You must also bring a completed Proof of identity and declaration and correctly endorsed photographs (see Step 4) for yourself and any children included in your application, to your appointment.

If you make your citizenship application on paper you must attach certified copies (see Step 5) of the original documents. Do not post original documents with your application.

It is also important to make sure that you enclose the correct fee with your applications as it will be rejected if the wrong payment is made. Check the DIAC's summary of fees to make sure that you have included complete and correct fees for every form you are submitting.

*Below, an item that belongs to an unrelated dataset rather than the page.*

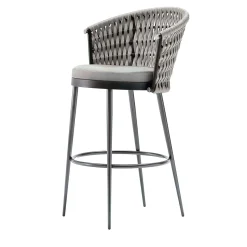 Sgabello da bar in tessuto grigio per esterni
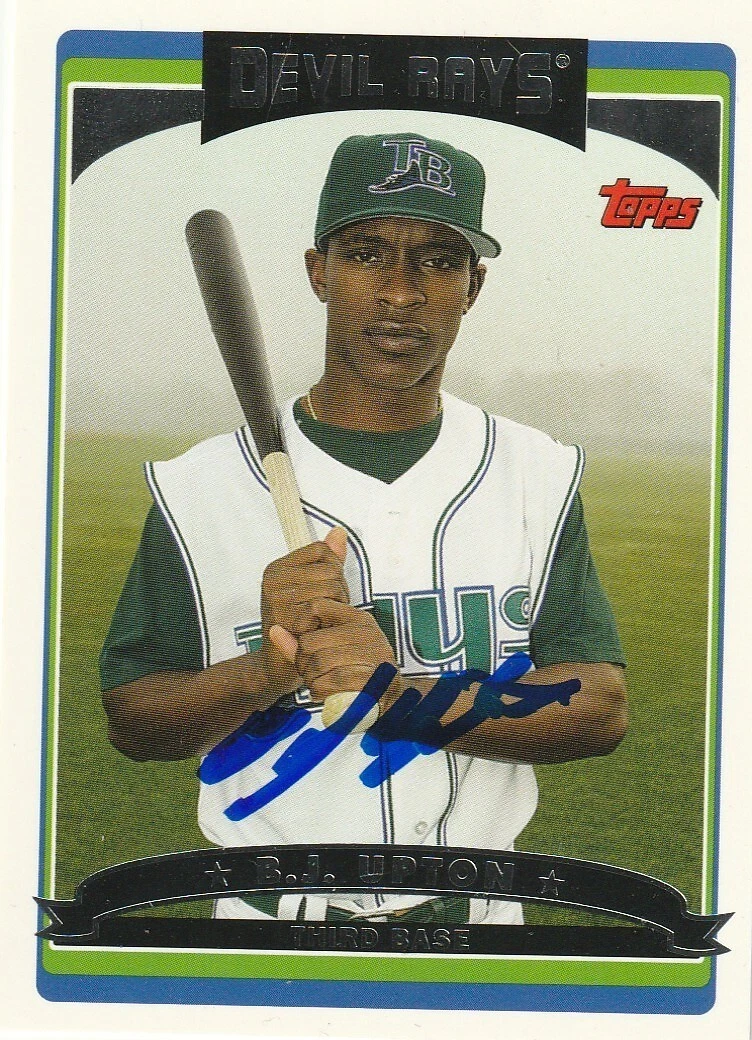 B.J. UPTON TAMPA DEVIL RAYS SIGNED 2006 TOPPS UPDATE CARD #UH108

Remember that if you are including multiple forms, for instance for your children, you will need to pay separate fees for them.

Attend your citizenship appointment

Step 7. Attend your citizenship appointment

Once your application has been received and processed you will be invited to a citizenship appointment. The appointment details, including the place, date and time, will be confirmed to your in writing. It is at this appointment that you will either take your citizenship test or have an interview - whichever applies to your application.

At this appointment your eligibility for Australian citizenship will be checked and confirmed by a departmental officer. This will involve checking your original and certified documents, verifying your identity and confirming that you have satisfied all of the requirements.

It is very important that you attend your appointment as your application may be refused if you do not attend. If you are unable to make the assigned appointment for any reason you should contact the departmental office as soon as possible to make alternative arrangements.

You should allow approximately two hours for your citizenship appointment.

Step 8. Take the citizenship test or have a citizenship interview

If you are over the age of 18 and under the age of 60 then you will probably have to sit the citizenship test. Certain people are exempt from taking the test, details of these exemptions can be found on our Requirements and Exemptions page.

The citizenship test is designed to encourage you to find out more about life in Australia and what it means to be an Australian citizen. It will test your understanding of the responsibilities of citizenship as well as the rights that you will enjoy once you become a citizen. More detailed information can be found in the rest of the About the Test section.

Don't forget to check out our online tests and study techniques and tips to help you with your preparations.

If you are not required to sit the test you may have a citizenship interview.  At the interview we will confirm you understand the nature of your citizenship application, have a basic knowledge of the English language and understand the responsibilities and privileges of Australian citizenship.

The decision

Step 9. Receive notification of the DIAC’s decision

Once you have submitted a complete application, along with all the required supporting documentation, and either sat the citizenship test or attended an interview, a decision will be made.

The DIAC advise that the processing time for most citizenship applications is 60 days. If you do not receive notification within this time you should contact the Citizenship Information Line on 131 880.

You must tell the department if you change your address, and you must be in the country at the time a decision is made. You may need to defer your travel plans or, if your travel is urgent contact the department for advice.

Your ceremony

Step 10. Attend a citizenship ceremony

If your application is approved, once you have received notification you will need to attend a citizenship ceremony and make the Australian Citizenship Pledge to complete the process of becoming an Australian citizen.

You should be contacted by your departmental office within six months about attending a citizenship ceremony. As with your citizenship appointment, if you cannot make the proposed date of your citizenship ceremony for any reason then you should contact the departmental office as soon as possible.

If you have children under 16 years of age who were included on your application form they will become Australian citizens when you make the Pledge.